No, you don't "have" to. You choose to. I understand why you choose to, but framing this as though you have no agency whatsoever is counterproductive.
Mould is a health hazard.
Close the door. Shove a towel under the gap if you're that worried about it. Though if mould is popping so often that cleaning it whenever it appears is a real hardship, and you can't just spray something on it every few weeks, it's probably a bigger issue with the house itself.
Why is it me poisoning the well and not them by not upping their standards? Because you're the one making empty threats about divorce.
Reframe. Hey slovenly one, don't ruin your marriage over the floors and toilet, you know they just love a clean house, humour them, up your standards and just wipe piss off a toilet, it'll stop that whining and you might get laid.
It doesn't matter whose fault it is. All that matters is that you can't force him to do anything he's determined not to do. The only thing you can control is what you do about it. Clearly he's decided that getting laid (by you, at least) isn't worth cleaning the toilet. Which isn't terribly surprising if you're yelling about divorce all the time.
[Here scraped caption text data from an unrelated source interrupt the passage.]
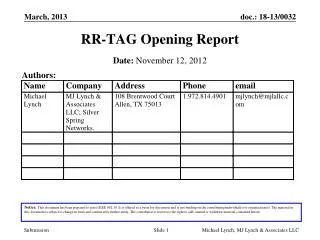 RR-TAG Opening Report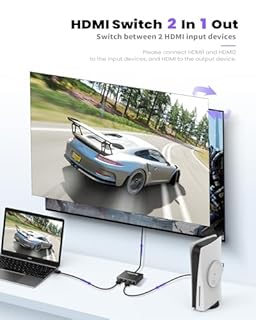NEWCARE HDMI Switch 4K@120Hz, Aluminum HDMI 2.1 Switch 2 in 1 Out with Type-C charging cable, Bi-Directional HDMI Splitter Supports 8K@60Hz HDR10+ 3D Dolby VRR HDCP2.3 for TV PS5 Xbox Laptop Projector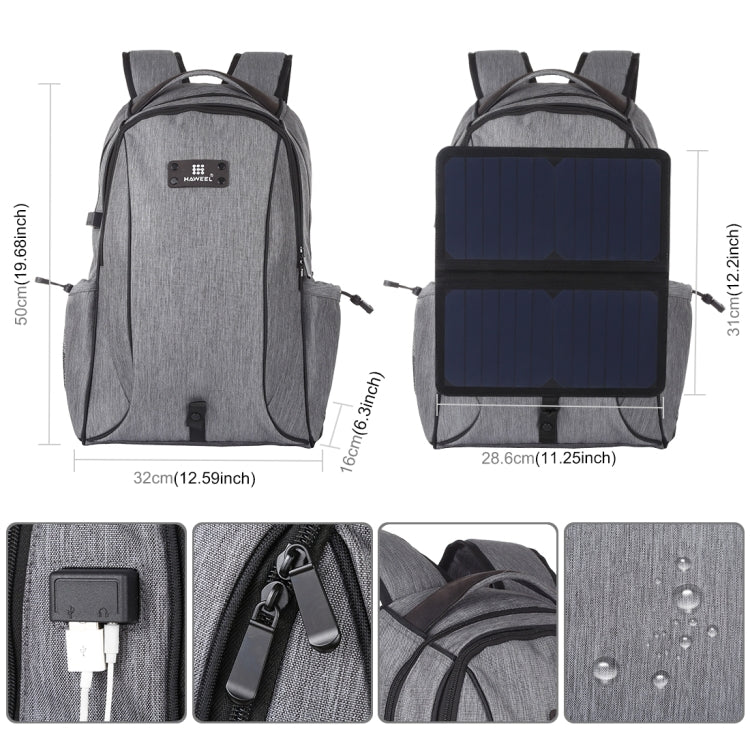 HAWEEL 14W Foldable Removable Solar Power Outdoor Portable Canvas Dual Shoulders Laptop Backpack, USB Output: 5V 2.1A Max(Grey) by HAWEEL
By all means, leave your marriage if you're so unhappy. That's your choice. Understand that, own it, and be prepared to live with the consequences either way. If you choose to stay, one of those consequences will be that nothing gets cleaned unless you clean it yourself. Either that's worth it to you, or it isn't. But if you choose to stay, the healthiest approach would be to try to find peace with the situation, not do everything in your power to make sure everyone else is as miserable as you are.